_Problem:_ I need the lines from the one containing "Dólar cerró a" through the last line of the entries retyped exactly, with no pictures among them.

Data to examine Start Marker

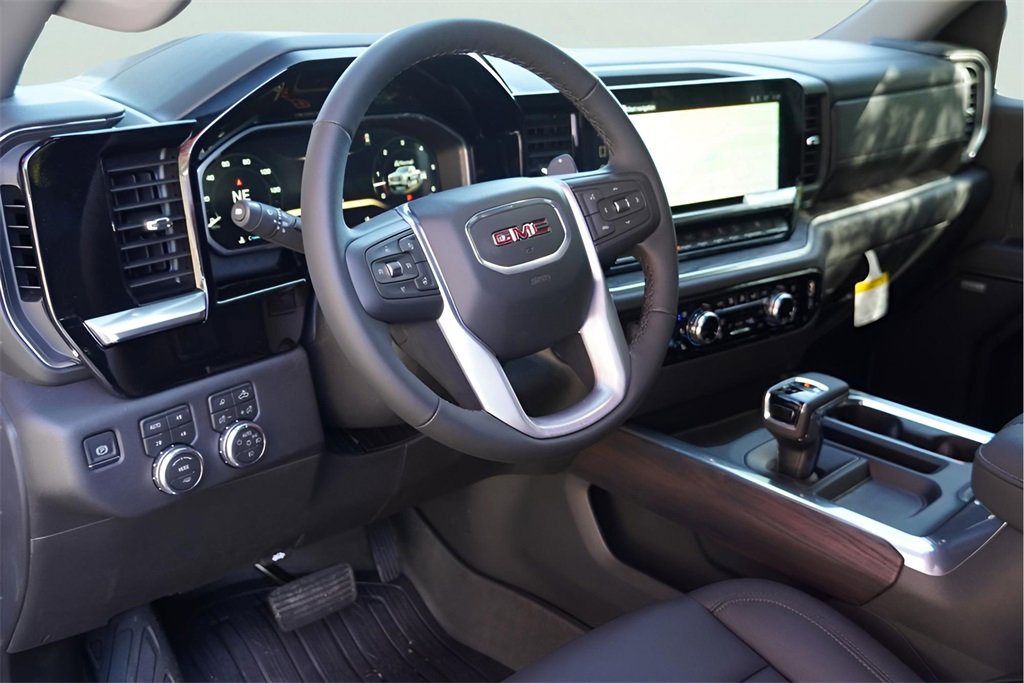 New 2026 GMC Sierra 1500 SLT image 6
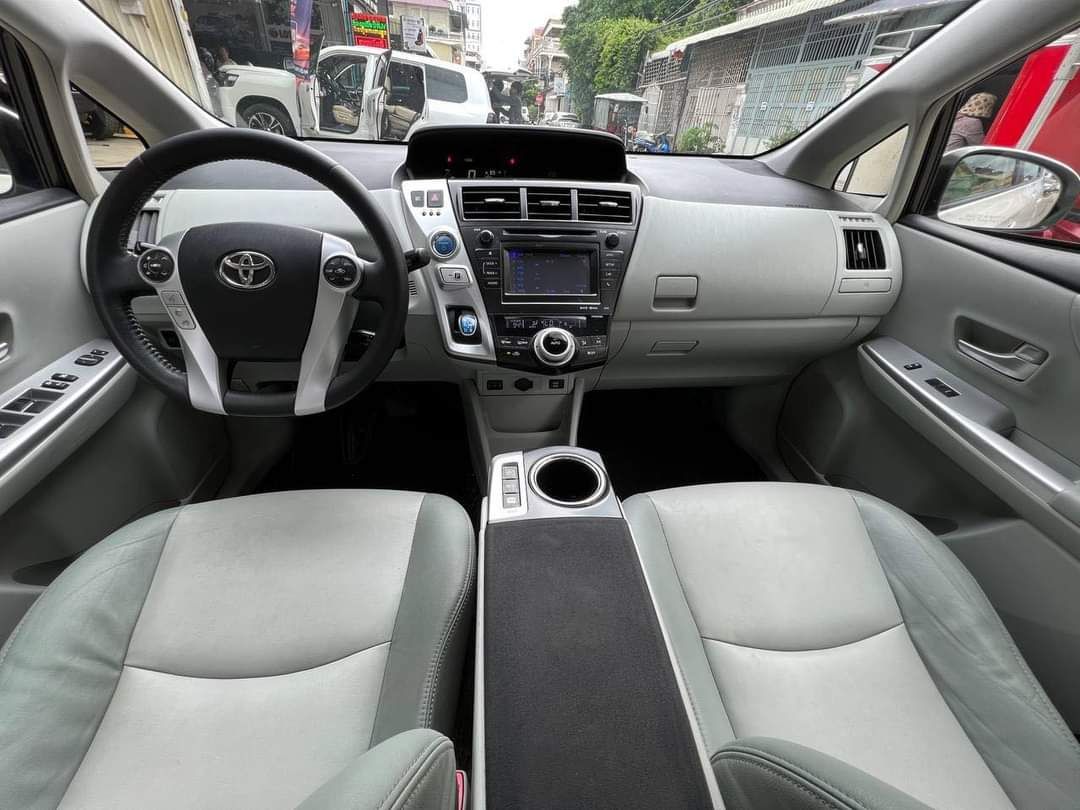 តូយ៉ូតា Prius 2013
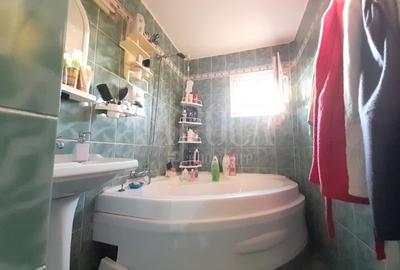 Apartament 4 camere de vanzare in Dorobantilor Oradea, Oradea Apartament 4 camere de vanzare in Dorobantilor Oradea, Oradea - 7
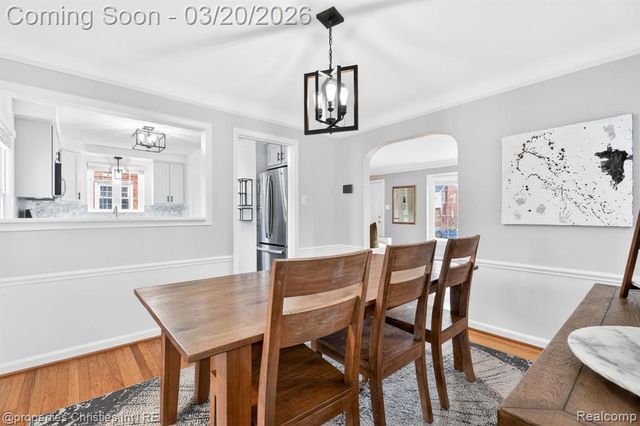 1922 Norwood Drive, Grosse Pointe Woods, MI 48236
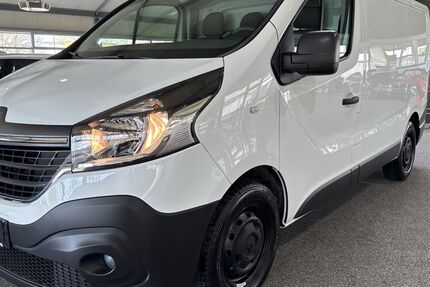Renault Trafic 47.053 km 20.890 &euro; Troisdorf 53842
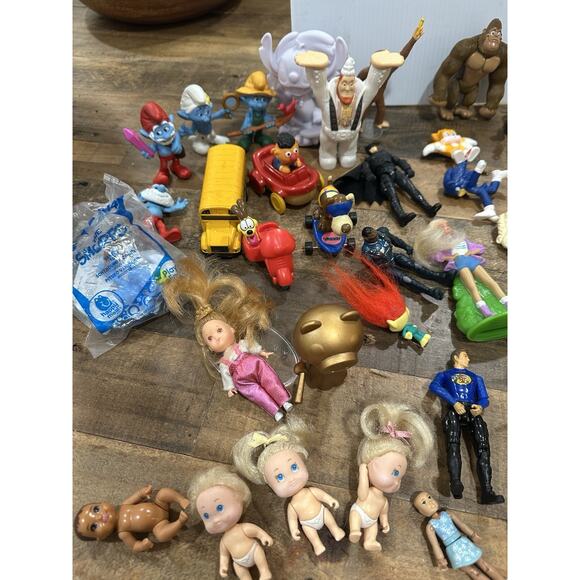 Lot Of 80+ Mixed Small Toys And Figures - Mcdonalds, Disney & More! Ships Free - Picture 2 of 8
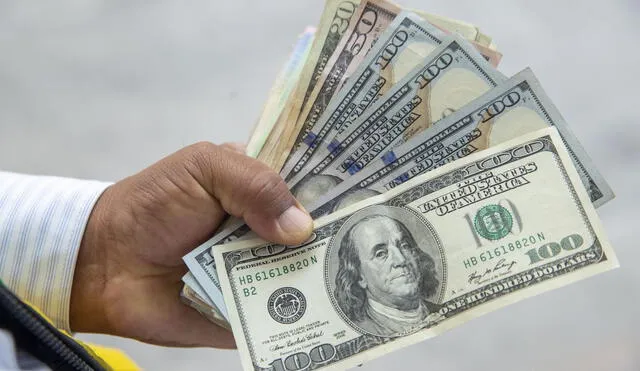 Dólar cerró a la baja en S/3,6770 este viernes 26 de mayo. Foto: Andina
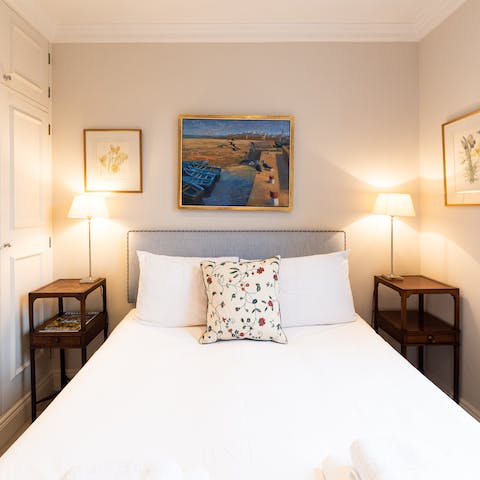 Wake up in the comfortable bedrooms feeling rested and ready for another day of London sightseeing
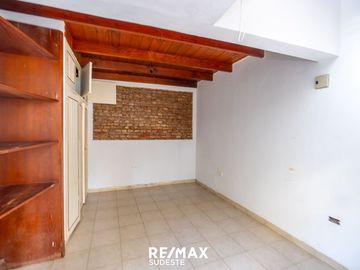VENTA CASA CARONTI 700 ESPECTACULAR UBICACIÓN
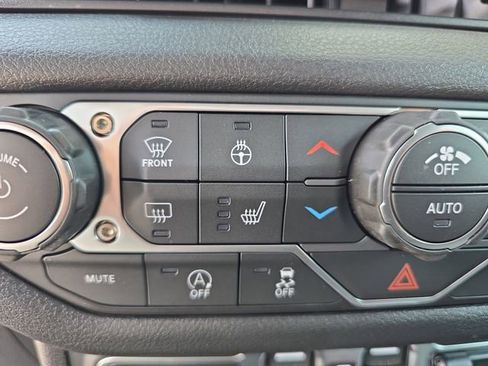 New 2026 Jeep Gladiator Willys AWD/4WD image 19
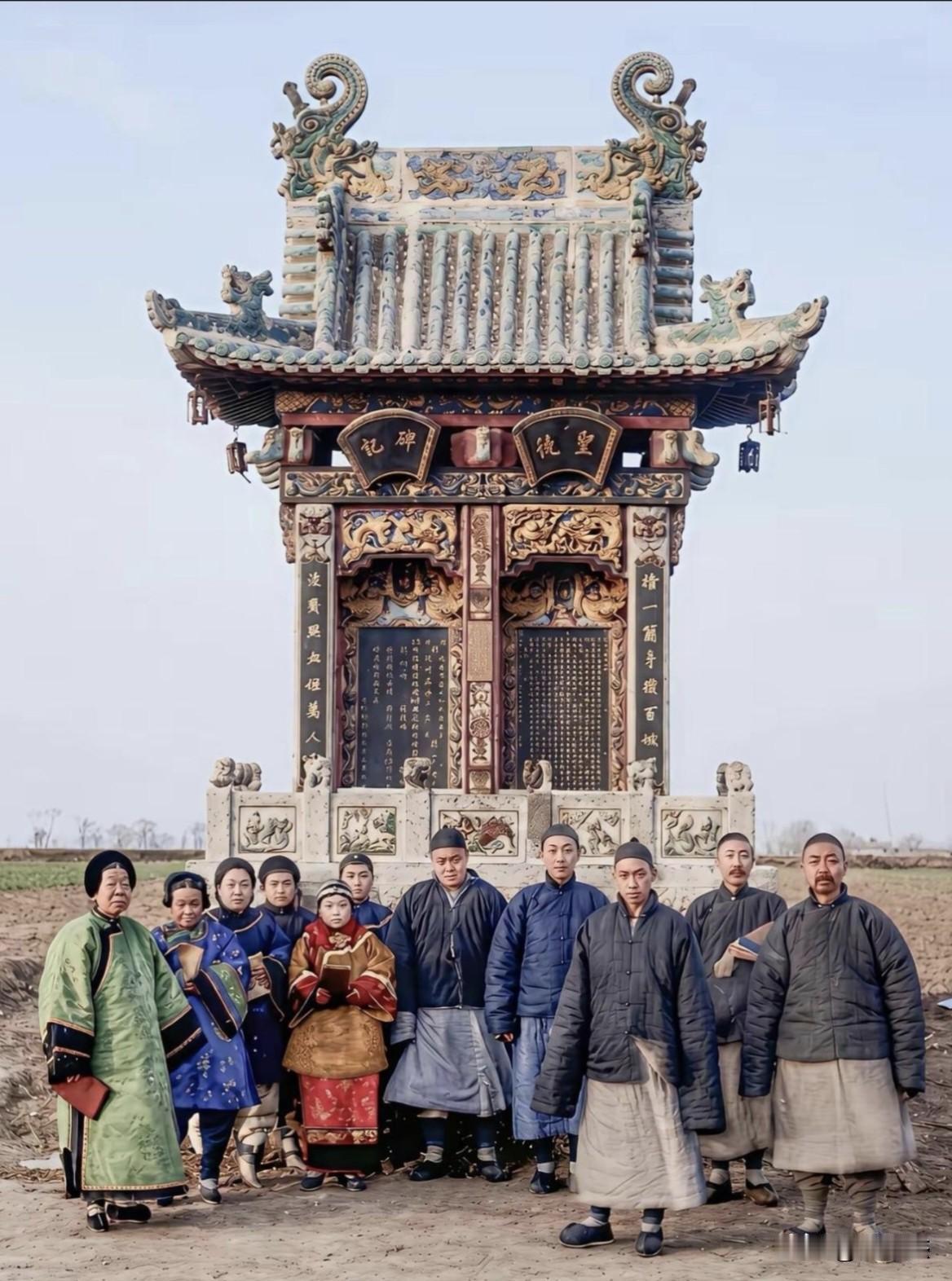 百年前的一个家族合影～～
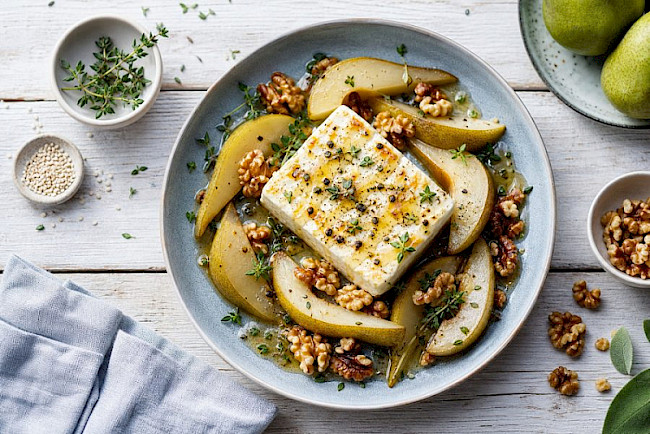 Gebackener Feta mit Honig, Birne und Walnüssen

Data to examine End Marker

_Answer section:_
 Dólar cerró a la baja en S/3,6770 este viernes 26 de mayo. Foto: Andina
 Wake up in the comfortable bedrooms feeling rested and ready for another day of London sightseeing
VENTA CASA CARONTI 700 ESPECTACULAR UBICACIÓN
 New 2026 Jeep Gladiator Willys AWD/4WD image 19
 百年前的一个家族合影～～
 Gebackener Feta mit Honig, Birne und Walnüssen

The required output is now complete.